Auch dieser Beschwerdegrund führt nicht zum Erfolg des Rechtsmittels. Der Anspruch auf Gewährung rechtlichen Gehörs wäre zwar verletzt, wenn das Verwaltungsgericht (entscheidungserhebliches) tatsächliches oder rechtliches Vorbringen des Antragstellers nicht zur Kenntnis genommen oder nicht erwogen hätte (vgl. BVerfG, Beschl. v. 30.1.1985 - 1 BvR 393/84 -, BVerfGE 69, 141 [143]). Nach zutreffender Rechtsprechung besteht indessen eine Vermutung dafür, dass sich ein Gericht der aus Art. 103 Abs. 1 GG folgenden Pflichten bewusst gewesen und ihnen nachgekommen ist, namentlich das entscheidungserhebliche Vorbringen der Beteiligten zur Kenntnis genommen und erwogen hat. Zur Widerlegung dieser Vermutung bedarf es der Darlegung besonderer Umstände im Einzelfall (BVerfG, Beschl. v. 25.05.1993 - 1 BvR 345/83 -, BVerfGE 88, 366 [375]; Nds. OVG, Beschl. v. 3. 7. 2006 - 5 LA 347/04 -, NJW 2006, 3018 f., hier zitiert nach juris, Langtext Rn. 2).

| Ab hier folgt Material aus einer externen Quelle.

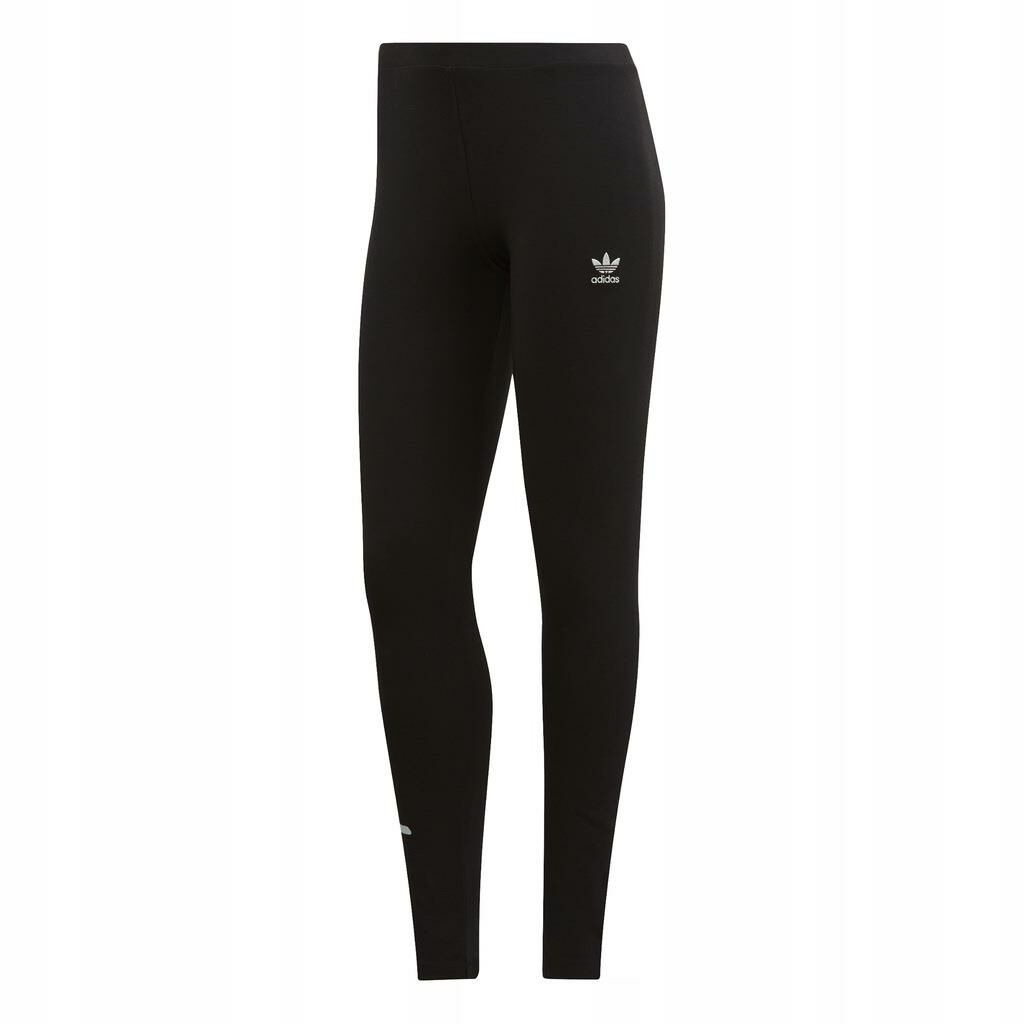 Adidas Kadın Originals Tayt - Tights - DU9928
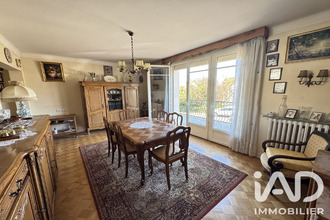  maison yzeure 03400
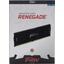 Модуль памяти Kingston FURY Renegade <KF436C16RB/8> DDR4 1x 8 Гб <PC4-28800>, вид упаковки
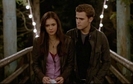 the_vampire_diaries_12518578024199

Solche Umstände legt der Kläger nicht ausreichend dar, indem er lediglich darauf hinweist, dass weder seine eidesstattliche Versicherung noch die Videoaufzeichnung in dem angefochtenen Beschluss Erwähnung finden. Denn ein Verwaltungsgericht muss sich auch in den Gründen eines - wie hier - gemäß § 122 Abs. 2 Satz 2 VwGO zwingend zu begründenden Beschlusses nicht mit jeglichem Vorbringen der Beteiligten ausdrücklich auseinandersetzen, um der Berechtigung des Vorwurfs einer Gehörsversagung zu entgehen (vgl. W.-R. Schenke, in: Kopp/Schenke, VwGO, 31. Aufl. 2025, § 122 Rn. 6 i. V. m. § 108 Rn. 31, m. w. N.).

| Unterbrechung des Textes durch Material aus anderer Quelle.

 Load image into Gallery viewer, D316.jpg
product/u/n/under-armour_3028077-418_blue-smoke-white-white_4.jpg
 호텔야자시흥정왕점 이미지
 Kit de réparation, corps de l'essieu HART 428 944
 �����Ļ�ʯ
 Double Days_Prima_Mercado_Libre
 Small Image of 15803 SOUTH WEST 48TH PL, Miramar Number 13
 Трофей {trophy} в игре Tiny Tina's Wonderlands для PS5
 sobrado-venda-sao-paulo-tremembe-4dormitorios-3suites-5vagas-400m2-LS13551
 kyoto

Im Übrigen hat jedenfalls der beschließende Senat sowohl die in Rede stehende Erklärung des Antragstellers gelesen als auch die Videoaufzeichnung (insgesamt drei Dateien) in Augenschein genommen. Sie verschaffen keine weiteren entscheidungserheblichen Erkenntnisse. Vielmehr macht auch das in der Aufzeichnung nur aus einiger Entfernung und teilweise von Gehölzen verdeckt zu erkennende Geschehen den Eindruck, als habe sich der Antragsteller im Disput mit dem Fußgänger hinreißen lassen, eindeutig überzureagieren, nämlich mit seiner gefährlichen Form der Gewaltausübung.

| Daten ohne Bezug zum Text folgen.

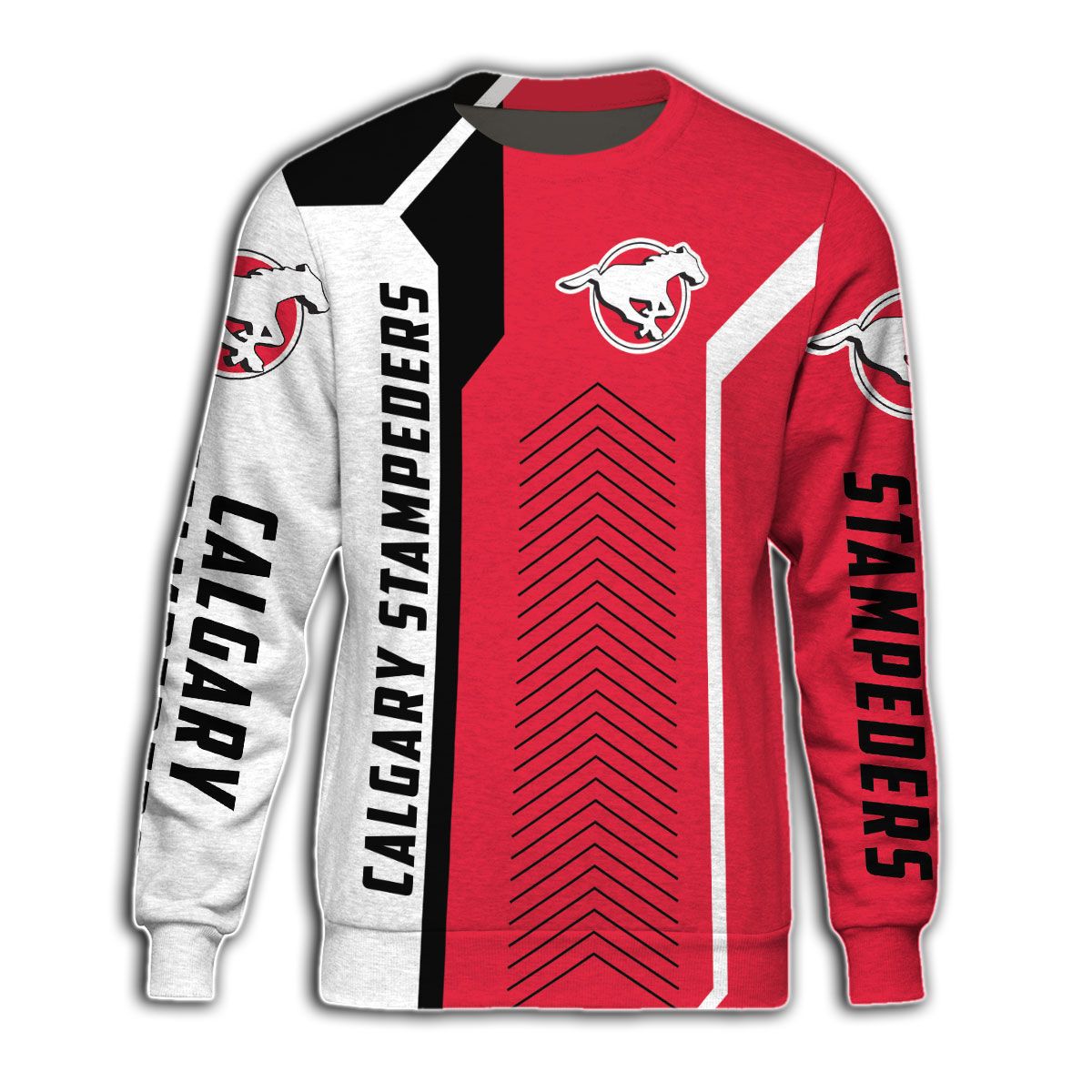Calgary Stampeders CFL 3d shirt, hoodie 3 Calgary Stampeders CFL 3d shirt, hoodie word1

Die Kostenentscheidung folgt aus § 154 Abs. 2 VwGO.

Die Streitwertfestsetzung beruht auf den §§ 40, 47 Abs. 1 Satz 1, 53 Abs. 2 Nr. 2 und 52 Abs. 1 GKG. Sie orientiert sich an den Nrn. 1.5 Satz 1 Alt. 1 und 46.3 der zum Zeitpunkt der Einlegung des Rechtsmittels maßgeblichen Fassung des Streitwertkatalogs für die Verwaltungsgerichtsbarkeit (NordÖR 2014, 11).

Dieser Beschluss ist unanfechtbar (§§ 152 Abs. 1 VwGO, 68 Abs. 1 Satz 5, 66 Abs. 3 Satz 3 GKG).